Pfarrer nach Kirchenbrand schockiert über Brutalität

"Für die Menschen wurde ein Stück Heimat zerstört"

Die 1000 Jahre alte Kreuzerhöhungskirche in Wissen ist Opfer eines Brandstifters geworden. Das Feuer hat gravierende Schäden hinterlassen. Die Tat und das Ausmaß schlagen den Menschen der Region auf das Gemüt, so Pfarrer Kürten.

Symbolbild: Brandstiftung / © Edoardo B (shutterstock)

DOMRADIO.DE: Dienstag war ein Sachverständiger da. Was ist alles beschädigt worden?

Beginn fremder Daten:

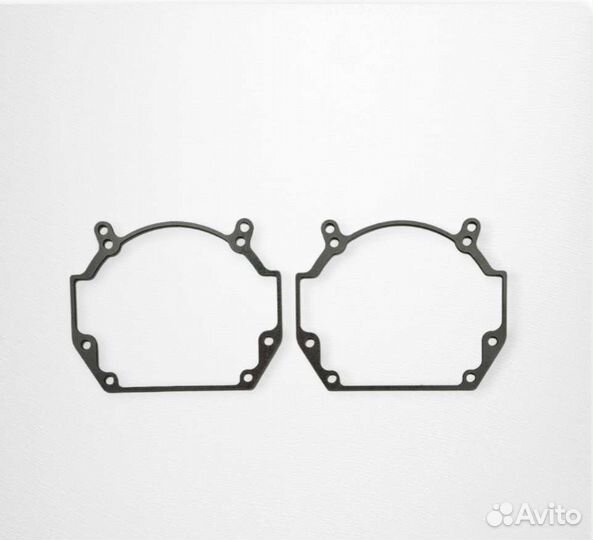 Рамки для замены линз Citroen C4 I 2004-2011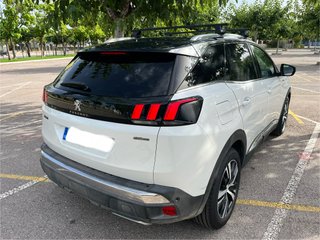 Peugeot 3008 gt Line diesel 2018
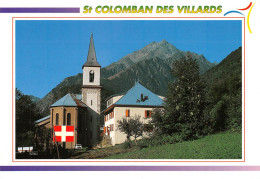 73  Saint-Colomban-des-Villards L'église             (Scan R/V) N°   7   \MS9047 - Saint Jean De Maurienne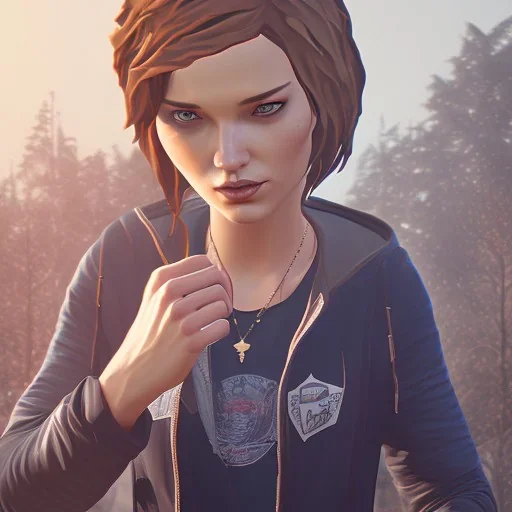 Life is strange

Pfarrer Martin Kürten (Kreisdechant und leitender Pfarrer im katholischen Kirchengemeindeverband "Obere Sieg"): Es waren verschiedene Sachverständige für die einzelnen Bereiche gemeinsam hier. Es war Brandstiftung, die mit angsterregender Zielstrebigkeit und Gewalt vor allen Dingen auf den Hochaltar gerichtet war. Der Hochaltar, der einzig konsekrierte Altar, ist nach dem Stadtbrand von 1788, 1804 von der Gemeinde aus dem Kloster Grafschaft erworben worden. Man hat gerade nach diesem Altar gesucht und ihn gefunden, weil der für ein Kreuzreliquiar gebaut worden ist und damit natürlich zum Patrozinium der Kirche passte.

Pfarrer Martin Kürten (Kreisdechant und leitender Pfarrer im katholischen Kirchengemeindeverband "Obere Sieg")

"Bei den Menschen in der ganzen Region auch über Konfessionsgrenzen hinweg (herrscht) eine enorme Betroffenheit. Denn für die Menschen wurde ein Stück Heimat zerstört."

Dieser Altar hat schon Geschichte mitgebracht und war natürlich 200 Jahre der optische Mittelpunkt der Kirche. Er ist für die Menschen hier in der ganzen Region mit unzähligen Erinnerungen verbunden, sodass nicht nur bei regelmäßigen Gottesdienstbesuchern, sondern bei den Menschen in der ganzen Region auch über Konfessionsgrenzen hinweg eine enorme Betroffenheit herrscht. Denn für die Menschen wurde ein Stück Heimat zerstört.

DOMRADIO.DE: Ist dieser Altar irreparabel durch das Feuer zerstört worden? Oder lässt sich das wieder restaurieren?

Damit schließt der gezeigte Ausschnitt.